WORK ORDER:
Look through the entries below and extract exactly the lines from the one containing "Carina Long Contrast" through the one containing "European & American", ends included.

━━━ DATASET

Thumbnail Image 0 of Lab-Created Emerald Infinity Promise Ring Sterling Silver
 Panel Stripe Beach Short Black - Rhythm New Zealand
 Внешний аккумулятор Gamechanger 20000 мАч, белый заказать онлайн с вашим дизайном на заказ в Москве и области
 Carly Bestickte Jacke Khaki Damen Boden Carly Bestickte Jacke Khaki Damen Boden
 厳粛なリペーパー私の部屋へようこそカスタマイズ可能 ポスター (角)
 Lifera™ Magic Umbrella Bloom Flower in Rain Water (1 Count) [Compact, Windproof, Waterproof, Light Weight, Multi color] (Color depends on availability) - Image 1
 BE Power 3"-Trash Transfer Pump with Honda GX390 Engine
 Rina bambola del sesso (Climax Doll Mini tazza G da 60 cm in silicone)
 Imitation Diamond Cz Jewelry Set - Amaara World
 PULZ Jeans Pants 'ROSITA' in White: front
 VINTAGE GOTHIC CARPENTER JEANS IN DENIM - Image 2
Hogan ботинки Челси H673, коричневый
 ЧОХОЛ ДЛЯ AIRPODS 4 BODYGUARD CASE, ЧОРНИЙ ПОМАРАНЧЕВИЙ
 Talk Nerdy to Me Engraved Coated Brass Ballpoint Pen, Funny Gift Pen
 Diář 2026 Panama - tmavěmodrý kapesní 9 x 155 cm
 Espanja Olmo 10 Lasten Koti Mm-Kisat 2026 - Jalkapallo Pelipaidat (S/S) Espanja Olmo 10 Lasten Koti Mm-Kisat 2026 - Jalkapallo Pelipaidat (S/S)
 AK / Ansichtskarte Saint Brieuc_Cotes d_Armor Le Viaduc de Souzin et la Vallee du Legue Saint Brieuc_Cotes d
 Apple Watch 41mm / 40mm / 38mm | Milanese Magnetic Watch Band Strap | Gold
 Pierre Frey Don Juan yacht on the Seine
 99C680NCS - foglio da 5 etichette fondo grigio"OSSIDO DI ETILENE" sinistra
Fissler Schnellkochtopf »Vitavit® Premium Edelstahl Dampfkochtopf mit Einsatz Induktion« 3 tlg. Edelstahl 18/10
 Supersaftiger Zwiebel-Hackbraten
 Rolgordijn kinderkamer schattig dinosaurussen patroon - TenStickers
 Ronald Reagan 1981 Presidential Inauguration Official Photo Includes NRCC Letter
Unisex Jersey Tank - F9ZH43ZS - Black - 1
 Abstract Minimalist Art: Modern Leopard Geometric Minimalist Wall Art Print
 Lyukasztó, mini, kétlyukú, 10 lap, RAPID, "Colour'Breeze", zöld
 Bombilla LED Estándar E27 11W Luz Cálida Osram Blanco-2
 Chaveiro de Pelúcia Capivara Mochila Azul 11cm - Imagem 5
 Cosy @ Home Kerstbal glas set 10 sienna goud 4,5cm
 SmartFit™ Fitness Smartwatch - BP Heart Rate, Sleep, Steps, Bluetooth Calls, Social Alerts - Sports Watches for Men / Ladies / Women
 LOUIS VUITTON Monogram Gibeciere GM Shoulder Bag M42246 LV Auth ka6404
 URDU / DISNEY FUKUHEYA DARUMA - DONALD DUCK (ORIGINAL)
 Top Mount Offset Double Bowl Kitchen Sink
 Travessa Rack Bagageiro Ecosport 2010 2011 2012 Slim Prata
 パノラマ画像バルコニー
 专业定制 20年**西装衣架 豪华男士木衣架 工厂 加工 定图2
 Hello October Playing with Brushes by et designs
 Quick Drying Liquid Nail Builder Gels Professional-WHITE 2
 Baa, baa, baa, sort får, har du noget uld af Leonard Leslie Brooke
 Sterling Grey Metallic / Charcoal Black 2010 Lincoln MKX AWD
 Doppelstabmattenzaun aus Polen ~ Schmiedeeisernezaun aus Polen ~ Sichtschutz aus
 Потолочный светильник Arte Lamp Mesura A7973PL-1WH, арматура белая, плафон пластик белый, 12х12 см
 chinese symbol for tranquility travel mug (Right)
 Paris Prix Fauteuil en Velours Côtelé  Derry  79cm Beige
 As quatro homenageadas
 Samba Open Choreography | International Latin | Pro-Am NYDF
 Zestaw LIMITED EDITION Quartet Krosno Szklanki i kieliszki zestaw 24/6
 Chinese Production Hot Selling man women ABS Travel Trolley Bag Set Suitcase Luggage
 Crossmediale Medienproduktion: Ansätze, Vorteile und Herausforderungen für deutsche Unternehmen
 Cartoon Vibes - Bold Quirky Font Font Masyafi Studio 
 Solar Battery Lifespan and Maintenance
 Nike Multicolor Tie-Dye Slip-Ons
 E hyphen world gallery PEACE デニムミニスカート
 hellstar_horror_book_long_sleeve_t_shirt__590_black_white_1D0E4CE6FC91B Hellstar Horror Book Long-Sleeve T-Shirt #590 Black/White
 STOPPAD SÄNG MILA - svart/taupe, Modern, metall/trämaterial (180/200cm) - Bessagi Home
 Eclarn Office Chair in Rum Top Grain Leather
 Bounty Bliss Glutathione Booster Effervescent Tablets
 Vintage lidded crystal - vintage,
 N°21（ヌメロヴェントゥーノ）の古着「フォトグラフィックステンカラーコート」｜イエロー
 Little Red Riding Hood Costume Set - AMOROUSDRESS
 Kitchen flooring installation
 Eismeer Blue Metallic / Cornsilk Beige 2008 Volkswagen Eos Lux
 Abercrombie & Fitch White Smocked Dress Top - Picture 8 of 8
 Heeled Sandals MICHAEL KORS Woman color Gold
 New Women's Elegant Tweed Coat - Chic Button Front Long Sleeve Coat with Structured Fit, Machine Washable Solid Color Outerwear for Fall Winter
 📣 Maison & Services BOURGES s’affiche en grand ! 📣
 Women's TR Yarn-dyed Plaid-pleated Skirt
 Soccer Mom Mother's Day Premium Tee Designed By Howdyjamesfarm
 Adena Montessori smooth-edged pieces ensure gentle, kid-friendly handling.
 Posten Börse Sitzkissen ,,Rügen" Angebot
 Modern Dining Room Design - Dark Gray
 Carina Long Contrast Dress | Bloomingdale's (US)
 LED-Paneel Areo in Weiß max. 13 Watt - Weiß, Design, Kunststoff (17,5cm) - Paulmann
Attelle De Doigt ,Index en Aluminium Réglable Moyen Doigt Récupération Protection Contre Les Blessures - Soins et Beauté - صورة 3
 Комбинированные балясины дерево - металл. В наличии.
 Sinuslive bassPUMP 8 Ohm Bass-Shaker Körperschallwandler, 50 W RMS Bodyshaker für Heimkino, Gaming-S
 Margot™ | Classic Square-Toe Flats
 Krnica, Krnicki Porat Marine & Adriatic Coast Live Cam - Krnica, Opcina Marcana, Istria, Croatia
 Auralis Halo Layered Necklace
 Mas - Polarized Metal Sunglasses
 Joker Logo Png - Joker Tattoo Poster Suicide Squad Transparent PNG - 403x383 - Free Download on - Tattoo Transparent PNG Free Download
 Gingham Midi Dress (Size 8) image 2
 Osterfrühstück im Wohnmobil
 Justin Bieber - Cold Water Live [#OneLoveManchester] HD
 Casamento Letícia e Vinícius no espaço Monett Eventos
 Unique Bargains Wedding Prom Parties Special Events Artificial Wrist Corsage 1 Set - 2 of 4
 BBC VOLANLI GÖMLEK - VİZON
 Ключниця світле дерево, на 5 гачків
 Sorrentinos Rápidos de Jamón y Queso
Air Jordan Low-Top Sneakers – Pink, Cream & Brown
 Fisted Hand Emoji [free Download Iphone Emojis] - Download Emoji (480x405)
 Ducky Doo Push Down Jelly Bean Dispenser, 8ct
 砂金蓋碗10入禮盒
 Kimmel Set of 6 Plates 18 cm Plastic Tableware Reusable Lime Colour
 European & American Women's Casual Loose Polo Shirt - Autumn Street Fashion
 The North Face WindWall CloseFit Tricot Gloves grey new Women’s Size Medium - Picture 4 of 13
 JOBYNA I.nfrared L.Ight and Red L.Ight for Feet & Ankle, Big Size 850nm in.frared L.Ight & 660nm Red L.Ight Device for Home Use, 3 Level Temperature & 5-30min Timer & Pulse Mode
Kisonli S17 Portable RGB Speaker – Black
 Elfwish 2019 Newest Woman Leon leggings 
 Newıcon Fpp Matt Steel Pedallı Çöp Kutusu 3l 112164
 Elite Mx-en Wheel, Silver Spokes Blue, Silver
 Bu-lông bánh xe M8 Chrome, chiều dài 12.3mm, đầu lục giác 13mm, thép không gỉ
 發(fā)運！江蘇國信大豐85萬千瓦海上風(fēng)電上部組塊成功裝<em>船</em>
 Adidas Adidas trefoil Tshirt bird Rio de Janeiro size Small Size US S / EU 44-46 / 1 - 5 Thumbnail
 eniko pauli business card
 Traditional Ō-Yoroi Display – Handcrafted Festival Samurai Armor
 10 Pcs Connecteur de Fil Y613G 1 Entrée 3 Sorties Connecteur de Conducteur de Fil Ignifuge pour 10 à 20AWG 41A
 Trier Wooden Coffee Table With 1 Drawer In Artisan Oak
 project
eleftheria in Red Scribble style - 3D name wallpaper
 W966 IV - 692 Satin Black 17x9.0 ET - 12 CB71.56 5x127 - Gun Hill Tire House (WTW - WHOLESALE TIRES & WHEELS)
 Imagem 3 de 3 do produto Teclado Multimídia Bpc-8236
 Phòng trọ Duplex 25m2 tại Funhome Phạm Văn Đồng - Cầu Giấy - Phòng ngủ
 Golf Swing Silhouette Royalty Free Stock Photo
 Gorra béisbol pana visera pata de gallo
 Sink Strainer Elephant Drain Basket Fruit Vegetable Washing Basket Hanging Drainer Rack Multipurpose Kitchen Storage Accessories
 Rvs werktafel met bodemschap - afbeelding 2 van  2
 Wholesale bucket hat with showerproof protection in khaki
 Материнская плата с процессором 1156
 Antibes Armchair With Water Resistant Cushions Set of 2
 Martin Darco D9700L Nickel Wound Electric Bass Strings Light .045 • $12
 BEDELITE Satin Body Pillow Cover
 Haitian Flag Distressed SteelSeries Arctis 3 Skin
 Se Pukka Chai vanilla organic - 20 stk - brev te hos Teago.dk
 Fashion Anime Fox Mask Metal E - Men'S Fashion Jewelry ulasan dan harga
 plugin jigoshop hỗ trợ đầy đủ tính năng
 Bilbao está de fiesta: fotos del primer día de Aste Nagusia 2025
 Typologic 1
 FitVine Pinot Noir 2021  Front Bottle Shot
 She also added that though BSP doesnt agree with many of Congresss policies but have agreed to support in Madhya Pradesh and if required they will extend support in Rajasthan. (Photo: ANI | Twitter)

━━━━━━

EXERCISE ANSWER:
 Carina Long Contrast Dress | Bloomingdale's (US)
 LED-Paneel Areo in Weiß max. 13 Watt - Weiß, Design, Kunststoff (17,5cm) - Paulmann
Attelle De Doigt ,Index en Aluminium Réglable Moyen Doigt Récupération Protection Contre Les Blessures - Soins et Beauté - صورة 3
 Комбинированные балясины дерево - металл. В наличии.
 Sinuslive bassPUMP 8 Ohm Bass-Shaker Körperschallwandler, 50 W RMS Bodyshaker für Heimkino, Gaming-S
 Margot™ | Classic Square-Toe Flats
 Krnica, Krnicki Porat Marine & Adriatic Coast Live Cam - Krnica, Opcina Marcana, Istria, Croatia
 Auralis Halo Layered Necklace
 Mas - Polarized Metal Sunglasses
 Joker Logo Png - Joker Tattoo Poster Suicide Squad Transparent PNG - 403x383 - Free Download on - Tattoo Transparent PNG Free Download
 Gingham Midi Dress (Size 8) image 2
 Osterfrühstück im Wohnmobil
 Justin Bieber - Cold Water Live [#OneLoveManchester] HD
 Casamento Letícia e Vinícius no espaço Monett Eventos
 Unique Bargains Wedding Prom Parties Special Events Artificial Wrist Corsage 1 Set - 2 of 4
 BBC VOLANLI GÖMLEK - VİZON
 Ключниця світле дерево, на 5 гачків
 Sorrentinos Rápidos de Jamón y Queso
Air Jordan Low-Top Sneakers – Pink, Cream & Brown
 Fisted Hand Emoji [free Download Iphone Emojis] - Download Emoji (480x405)
 Ducky Doo Push Down Jelly Bean Dispenser, 8ct
 砂金蓋碗10入禮盒
 Kimmel Set of 6 Plates 18 cm Plastic Tableware Reusable Lime Colour
 European & American Women's Casual Loose Polo Shirt - Autumn Street Fashion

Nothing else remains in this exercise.